[Records from a collection]
+++
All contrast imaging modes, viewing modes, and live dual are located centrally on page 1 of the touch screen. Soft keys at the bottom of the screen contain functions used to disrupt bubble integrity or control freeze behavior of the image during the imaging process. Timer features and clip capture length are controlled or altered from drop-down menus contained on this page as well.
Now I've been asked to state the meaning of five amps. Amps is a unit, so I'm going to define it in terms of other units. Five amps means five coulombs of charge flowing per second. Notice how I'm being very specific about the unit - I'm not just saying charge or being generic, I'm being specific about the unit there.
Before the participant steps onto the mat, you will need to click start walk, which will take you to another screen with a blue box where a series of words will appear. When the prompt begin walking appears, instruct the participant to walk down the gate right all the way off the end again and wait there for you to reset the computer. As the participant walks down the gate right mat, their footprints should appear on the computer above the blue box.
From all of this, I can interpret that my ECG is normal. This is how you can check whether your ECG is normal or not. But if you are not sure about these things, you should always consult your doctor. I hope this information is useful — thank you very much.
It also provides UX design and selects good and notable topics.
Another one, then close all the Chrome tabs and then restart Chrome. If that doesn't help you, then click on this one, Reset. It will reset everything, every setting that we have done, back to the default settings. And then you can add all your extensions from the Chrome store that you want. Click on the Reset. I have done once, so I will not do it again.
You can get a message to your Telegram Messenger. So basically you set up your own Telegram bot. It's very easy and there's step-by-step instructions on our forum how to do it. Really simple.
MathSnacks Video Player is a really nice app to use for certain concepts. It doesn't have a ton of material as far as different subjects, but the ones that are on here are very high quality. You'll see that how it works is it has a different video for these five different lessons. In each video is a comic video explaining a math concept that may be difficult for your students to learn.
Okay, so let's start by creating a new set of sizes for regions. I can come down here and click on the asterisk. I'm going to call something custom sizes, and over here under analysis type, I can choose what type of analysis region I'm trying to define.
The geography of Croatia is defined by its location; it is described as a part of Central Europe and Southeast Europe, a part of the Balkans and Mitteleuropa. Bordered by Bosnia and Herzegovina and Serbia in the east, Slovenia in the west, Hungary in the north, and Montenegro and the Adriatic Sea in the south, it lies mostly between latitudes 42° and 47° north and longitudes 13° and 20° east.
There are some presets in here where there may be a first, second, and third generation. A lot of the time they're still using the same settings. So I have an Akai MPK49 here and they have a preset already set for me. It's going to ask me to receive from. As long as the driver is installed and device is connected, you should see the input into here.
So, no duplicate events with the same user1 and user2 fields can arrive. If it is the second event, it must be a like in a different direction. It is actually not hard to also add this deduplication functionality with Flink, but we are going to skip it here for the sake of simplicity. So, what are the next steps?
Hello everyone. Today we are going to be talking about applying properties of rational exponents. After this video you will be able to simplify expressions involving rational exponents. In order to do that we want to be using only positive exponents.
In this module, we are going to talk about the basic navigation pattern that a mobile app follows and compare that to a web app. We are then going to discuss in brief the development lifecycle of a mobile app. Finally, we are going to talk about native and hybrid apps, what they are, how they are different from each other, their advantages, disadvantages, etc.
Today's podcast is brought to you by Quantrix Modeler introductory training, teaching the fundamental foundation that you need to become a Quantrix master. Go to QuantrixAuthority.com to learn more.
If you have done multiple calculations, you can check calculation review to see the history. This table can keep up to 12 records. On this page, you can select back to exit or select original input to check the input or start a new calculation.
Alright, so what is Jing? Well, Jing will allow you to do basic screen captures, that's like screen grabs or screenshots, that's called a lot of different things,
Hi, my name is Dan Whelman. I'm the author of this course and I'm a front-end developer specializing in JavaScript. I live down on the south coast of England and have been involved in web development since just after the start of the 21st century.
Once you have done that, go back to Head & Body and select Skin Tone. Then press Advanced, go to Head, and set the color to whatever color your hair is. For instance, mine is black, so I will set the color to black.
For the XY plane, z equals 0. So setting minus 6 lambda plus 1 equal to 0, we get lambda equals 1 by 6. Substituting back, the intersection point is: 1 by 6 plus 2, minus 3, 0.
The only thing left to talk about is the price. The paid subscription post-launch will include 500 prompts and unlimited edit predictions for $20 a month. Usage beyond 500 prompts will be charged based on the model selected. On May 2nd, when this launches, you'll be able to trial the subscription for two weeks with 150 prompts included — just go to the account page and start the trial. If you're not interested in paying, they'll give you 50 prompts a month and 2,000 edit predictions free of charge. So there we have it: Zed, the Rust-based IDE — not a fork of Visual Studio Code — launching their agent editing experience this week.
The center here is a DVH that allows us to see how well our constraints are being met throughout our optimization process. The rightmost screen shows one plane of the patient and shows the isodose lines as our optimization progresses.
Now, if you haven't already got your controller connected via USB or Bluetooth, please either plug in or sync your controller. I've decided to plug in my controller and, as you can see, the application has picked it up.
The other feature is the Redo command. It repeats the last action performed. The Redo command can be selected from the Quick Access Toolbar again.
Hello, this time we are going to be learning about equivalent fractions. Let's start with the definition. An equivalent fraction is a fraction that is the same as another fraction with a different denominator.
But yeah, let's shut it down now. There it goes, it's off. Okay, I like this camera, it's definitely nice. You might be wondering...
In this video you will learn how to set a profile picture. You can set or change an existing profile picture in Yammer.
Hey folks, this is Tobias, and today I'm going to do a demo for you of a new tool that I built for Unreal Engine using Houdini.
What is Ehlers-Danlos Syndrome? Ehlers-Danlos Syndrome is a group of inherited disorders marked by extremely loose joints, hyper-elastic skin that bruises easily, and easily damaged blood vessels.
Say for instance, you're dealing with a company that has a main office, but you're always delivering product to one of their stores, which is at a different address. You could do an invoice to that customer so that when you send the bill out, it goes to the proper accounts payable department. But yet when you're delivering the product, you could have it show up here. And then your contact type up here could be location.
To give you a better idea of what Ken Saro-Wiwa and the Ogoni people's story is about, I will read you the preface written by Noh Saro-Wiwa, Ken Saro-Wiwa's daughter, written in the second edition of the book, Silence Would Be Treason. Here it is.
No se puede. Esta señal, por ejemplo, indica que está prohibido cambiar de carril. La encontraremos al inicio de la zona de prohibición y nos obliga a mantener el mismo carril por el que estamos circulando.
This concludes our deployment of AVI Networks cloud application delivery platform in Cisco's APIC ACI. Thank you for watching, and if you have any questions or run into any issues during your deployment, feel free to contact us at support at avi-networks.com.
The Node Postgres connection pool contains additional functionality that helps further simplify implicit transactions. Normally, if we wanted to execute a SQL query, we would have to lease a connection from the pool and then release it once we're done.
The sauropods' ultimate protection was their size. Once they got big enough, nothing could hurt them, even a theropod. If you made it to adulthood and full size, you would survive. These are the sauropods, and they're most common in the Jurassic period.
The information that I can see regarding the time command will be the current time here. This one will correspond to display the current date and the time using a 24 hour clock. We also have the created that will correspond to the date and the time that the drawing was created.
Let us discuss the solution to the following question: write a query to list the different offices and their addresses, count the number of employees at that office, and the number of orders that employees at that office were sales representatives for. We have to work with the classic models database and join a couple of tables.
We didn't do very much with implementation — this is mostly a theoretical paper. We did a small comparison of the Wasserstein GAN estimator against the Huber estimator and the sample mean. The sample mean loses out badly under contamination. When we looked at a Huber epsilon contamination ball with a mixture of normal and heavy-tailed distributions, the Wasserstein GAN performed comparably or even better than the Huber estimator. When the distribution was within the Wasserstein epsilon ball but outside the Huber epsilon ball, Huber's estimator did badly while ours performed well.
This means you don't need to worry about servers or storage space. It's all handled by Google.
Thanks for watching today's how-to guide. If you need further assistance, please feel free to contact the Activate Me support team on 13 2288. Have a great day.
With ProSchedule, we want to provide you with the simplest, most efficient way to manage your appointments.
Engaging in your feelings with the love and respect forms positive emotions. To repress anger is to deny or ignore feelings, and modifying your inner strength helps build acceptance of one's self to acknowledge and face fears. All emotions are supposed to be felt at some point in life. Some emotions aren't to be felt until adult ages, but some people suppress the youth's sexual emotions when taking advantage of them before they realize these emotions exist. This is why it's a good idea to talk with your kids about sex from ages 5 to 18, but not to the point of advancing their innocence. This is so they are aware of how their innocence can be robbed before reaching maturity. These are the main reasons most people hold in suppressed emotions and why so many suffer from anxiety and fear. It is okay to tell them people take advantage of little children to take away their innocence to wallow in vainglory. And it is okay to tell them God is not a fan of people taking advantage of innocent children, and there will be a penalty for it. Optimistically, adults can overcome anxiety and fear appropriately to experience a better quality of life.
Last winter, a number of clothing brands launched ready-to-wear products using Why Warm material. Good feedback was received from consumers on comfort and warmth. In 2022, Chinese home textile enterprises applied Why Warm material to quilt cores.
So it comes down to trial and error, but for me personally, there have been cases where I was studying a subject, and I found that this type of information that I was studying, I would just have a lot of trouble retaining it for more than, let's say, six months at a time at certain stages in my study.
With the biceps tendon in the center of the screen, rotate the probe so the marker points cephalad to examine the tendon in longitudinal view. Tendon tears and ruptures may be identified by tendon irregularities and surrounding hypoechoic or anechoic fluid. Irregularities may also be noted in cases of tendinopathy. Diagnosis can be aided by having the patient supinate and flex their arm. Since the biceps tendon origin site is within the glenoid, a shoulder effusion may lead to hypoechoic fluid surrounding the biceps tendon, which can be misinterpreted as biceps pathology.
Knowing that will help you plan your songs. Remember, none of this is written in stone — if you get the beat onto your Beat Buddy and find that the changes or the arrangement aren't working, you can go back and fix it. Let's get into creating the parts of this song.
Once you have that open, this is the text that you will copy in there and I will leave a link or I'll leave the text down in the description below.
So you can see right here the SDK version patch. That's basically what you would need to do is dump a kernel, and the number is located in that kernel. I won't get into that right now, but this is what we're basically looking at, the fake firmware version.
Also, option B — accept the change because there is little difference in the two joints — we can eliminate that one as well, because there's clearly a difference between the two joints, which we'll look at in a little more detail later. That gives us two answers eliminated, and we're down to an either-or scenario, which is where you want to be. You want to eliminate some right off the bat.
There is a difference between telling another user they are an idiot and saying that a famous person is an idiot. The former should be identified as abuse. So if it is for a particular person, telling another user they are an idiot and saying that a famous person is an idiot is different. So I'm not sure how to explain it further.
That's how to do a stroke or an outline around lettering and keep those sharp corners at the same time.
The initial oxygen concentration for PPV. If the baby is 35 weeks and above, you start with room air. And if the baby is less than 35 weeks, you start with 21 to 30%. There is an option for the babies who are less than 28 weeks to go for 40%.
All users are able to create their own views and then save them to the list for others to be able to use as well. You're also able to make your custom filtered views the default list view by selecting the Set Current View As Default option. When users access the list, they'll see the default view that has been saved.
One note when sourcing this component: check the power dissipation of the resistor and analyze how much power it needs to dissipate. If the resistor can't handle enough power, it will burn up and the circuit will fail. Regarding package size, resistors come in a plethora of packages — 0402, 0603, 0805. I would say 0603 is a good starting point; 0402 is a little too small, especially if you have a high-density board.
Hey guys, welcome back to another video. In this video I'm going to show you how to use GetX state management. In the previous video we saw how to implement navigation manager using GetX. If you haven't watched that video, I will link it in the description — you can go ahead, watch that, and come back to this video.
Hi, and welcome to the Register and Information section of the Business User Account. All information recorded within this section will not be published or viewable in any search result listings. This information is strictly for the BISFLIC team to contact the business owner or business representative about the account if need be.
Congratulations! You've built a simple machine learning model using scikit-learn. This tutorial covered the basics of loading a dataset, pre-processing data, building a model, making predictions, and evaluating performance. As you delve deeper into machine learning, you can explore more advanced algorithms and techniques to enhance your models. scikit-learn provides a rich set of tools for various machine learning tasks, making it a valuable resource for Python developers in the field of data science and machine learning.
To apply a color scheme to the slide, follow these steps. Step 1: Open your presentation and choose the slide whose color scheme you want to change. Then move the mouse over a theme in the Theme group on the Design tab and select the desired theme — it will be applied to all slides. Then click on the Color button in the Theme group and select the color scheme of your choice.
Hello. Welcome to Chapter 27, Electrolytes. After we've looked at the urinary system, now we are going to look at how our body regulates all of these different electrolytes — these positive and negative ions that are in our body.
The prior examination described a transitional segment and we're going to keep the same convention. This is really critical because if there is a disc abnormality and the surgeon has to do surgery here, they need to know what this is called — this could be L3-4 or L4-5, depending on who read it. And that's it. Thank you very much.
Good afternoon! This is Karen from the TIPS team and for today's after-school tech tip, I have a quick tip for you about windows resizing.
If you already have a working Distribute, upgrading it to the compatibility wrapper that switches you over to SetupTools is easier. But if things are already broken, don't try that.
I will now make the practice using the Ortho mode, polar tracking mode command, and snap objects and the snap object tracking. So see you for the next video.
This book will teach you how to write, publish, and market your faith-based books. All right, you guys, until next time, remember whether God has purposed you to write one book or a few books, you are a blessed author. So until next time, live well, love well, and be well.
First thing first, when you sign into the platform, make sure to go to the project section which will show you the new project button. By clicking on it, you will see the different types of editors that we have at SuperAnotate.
+++
◆ HOW TO COMPLETE THIS TASK ◆
Within the entries, find all lines that contain "application" and copy each one.

◆ RESULT OF THE TASK ◆
Now, if you haven't already got your controller connected via USB or Bluetooth, please either plug in or sync your controller. I've decided to plug in my controller and, as you can see, the application has picked it up.
This concludes our deployment of AVI Networks cloud application delivery platform in Cisco's APIC ACI. Thank you for watching, and if you have any questions or run into any issues during your deployment, feel free to contact us at support at avi-networks.com.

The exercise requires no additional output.